After all of that, however, the basically functionality remains about the same as last time. With one small addition: newobj.

“4.21 newobj - create a new object”

newobj causes the CLR to create a new instance of either a reference or value type. Since nearly everything you’d ever want to work with is such an instance, it’s a fairly critical opcode to support. The only reason I was able to get away without it so far is that the assembly entry point method is static, as is System.Console.WriteLine.

newobj is very straightforward: it’s a single-byte instruction followed by a four-byte argument, which is a metadata token (essentially an encoded index) that refers to the constructor to invoke on the created object. The reference can be to the method definition metadata or the member reference metadata table — the former is for methods that exist in the same assembly, the latter for references outside the assembly. I’m only going to discuss the former, as the process for resolving the latter is essentially the same but with the extra layer of indirection of finding the assembly in your dependency list first.

When you encounter a newobj call, that constuctor method definition is all you have available. It looks like this:

  • A four-byte address to the start of the method’s CIL opcode stream.
  • Four bytes of flags.
  • An index into the string heap, which provides the method’s name (”.ctor” for constructors).
  • An index into the blob heap, which provides the method’s signature.
  • An index into another metadata table which defines the parameters of the method.

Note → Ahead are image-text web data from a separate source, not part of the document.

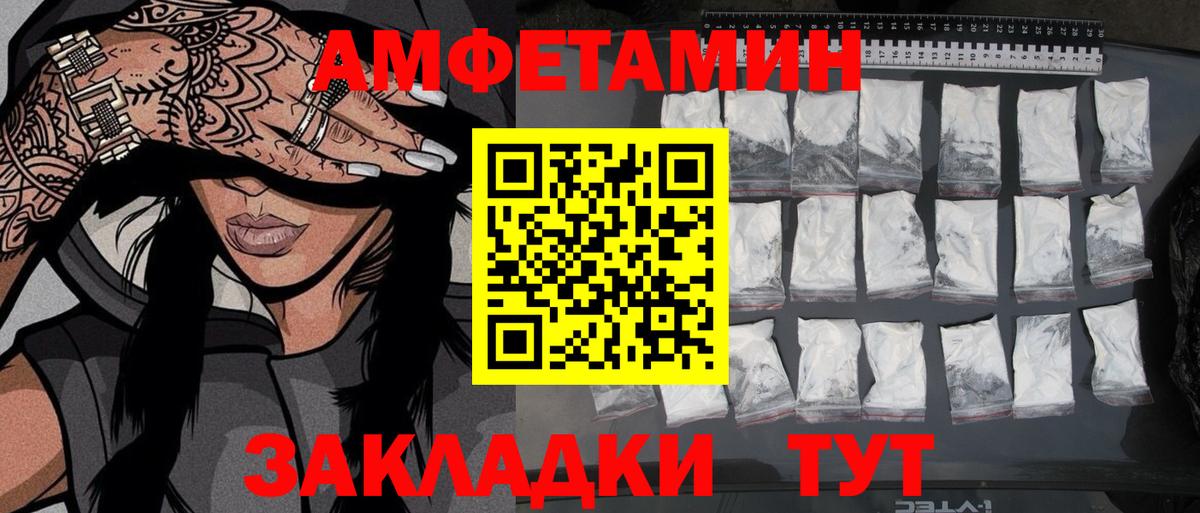 МЕТАМФЕТАМИН мет  Вход с VPN  Черногорск 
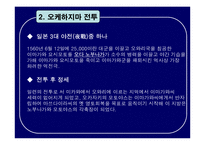 [일본사] 일본의 전국시대-5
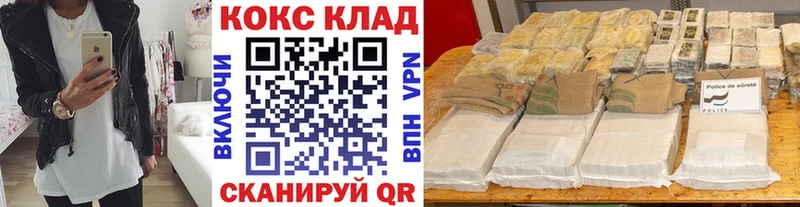 Кокаин FishScale Углич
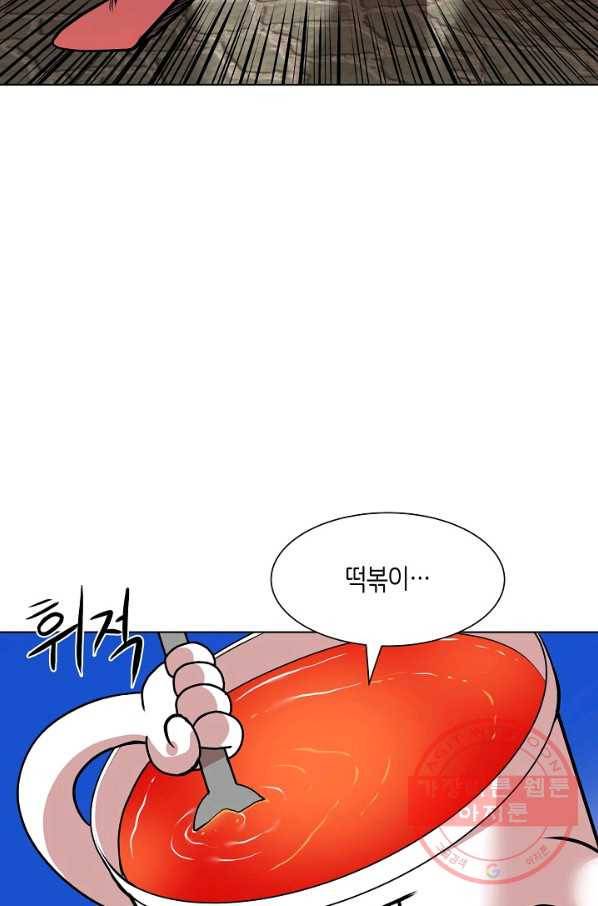 변신합시다 9화 19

Does it look like there’s anything missing? At first glance, there doesn’t appear to be any information about the type that owns the method — without knowing the type, you can’t know the size of an instance of that type, which means you can’t create that instance, which means you cannot call the constructor since it wouldn’t have anything to initialize.

You might try looking in the parameter list or in the signature in the blob heap to try and extract the information about the owning type, but that would not be a fruitful search. The existence of the this parameter is encoded with a flag, not a full parameter entry (in the interests of saving space). No, to find out who owns a method, you have to look through the type list until you find a type that has the desired method.

This isn’t as bad as it might seem at first glance — the metadata that defines a type contains an index to the first method definition for that type, and you are guaranteed that all method definitions are owned by at most a single type and that all definitions belong to a given type are contiguous in the method definition table. This makes it pretty easy to associate methods with a type — the fields of a type are stored in the same fashion, and you need to process them to create the in-memory layout for the type anyway (since you need to know how many bytes an instance of the type occupies). This is what spurred me to create a more robust object model for the runtime representations of all this metadata that the execution engine consumes.

At assembly load time, I iterate the type definition metadata, and produce a TypeDef object for each entry, which I store in the assembly. Creating a TypeDef object iterates the subsection of the method and field metadata tables that are owned by that type and creates MethodDef and FieldDef objects which are stored in the TypeDef. Methods and fields are imbued with a reference back to their owning TypeDef, which allows me to make the mapping between method and owning type O(1) at the expense of a small amount of storage.

With that object model in place, it becomes possible to implement newobj. Read the method reference argument, and find the appropriate MethodDef object (this is an O(1) lookup in an array stored in the assembly). Get the TypeDef for the MethodDef (another constant time lookup), and allocate enough space for that type on the heap. Then call the constructor.

The Horizon: ldfld and stfld

newobj and its supporting code changes are a pretty decent step forward for PSPCLR, but I’m still a long ways away from something useful. Next on my plate are the opcodes for loading and storing object fields — these are used when, for example, you read or write from members. Since constructors do this often, they make for a logical next step.